IIRC, there was some comment that Commons will serve an XML file as plain text unless the file has an XML processing instruction. So the file would need
<?xml version="1.0" encoding="UTF-8"?>
but it would not need the DOCTYPE.

I'd lay the bug on Commons. If Commons displays the image aa an SVG file, then it should serve that file as content-type: image/svg+xml. There may be a security issue here.

As far as the SVG Translate error message goes, it should add that it might be an SVG file that is missing its XML processing instruction. That would be better for the user. I do not think SVG translate needs to investigate files that are text/plain to see if they are actually SVG files. That may be a security issue.

Yep, it seems that it is Commons doing something inconsistent. The tool looks at the Content-Type header of the response for the SVG file, and fails if it's not image/svg+xml (which happens, as you say, when <?xml version="1.0" encoding="UTF-8"?> is missing).

I guess the difference is that MediaWiki does extra checks to see if a file is SVG, but whatever is serving the actual file is not.

We could switch to looking for <svg if the Content-Type check fails maybe? Or should these files actually be fixed on Commons?

Glrx added a comment.May 4 2020, 3:11 AM

I vote for fixing the files on Commons. Every XML file should start with an XML processing instruction.
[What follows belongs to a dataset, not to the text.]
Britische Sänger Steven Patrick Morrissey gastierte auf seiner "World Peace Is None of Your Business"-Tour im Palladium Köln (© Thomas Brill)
https://www.w3.org/TR/xml/#sec-prolog-dtd states

"Definition: XML documents should begin with an XML declaration which specifies the version of XML being used."

If a file does not start with the XML processing instruction, then it is not XML (and therefore not SVG). I'm OK with being narrow-minded and prescriptive here.

SVG Translate could also refuse to process any encoding that does not say it is UTF-8. Or does SVG Translate's XML parser handle other encodings? The SVG Translate output will have to be UTF-8 for Arabic, Chinese, and many other languages. I think librsvg believes everything is UTF-8, so everything on Commons must be UTF-8 compatible.

A commons 'bot could find and fix SVG files without the appropriate prolog.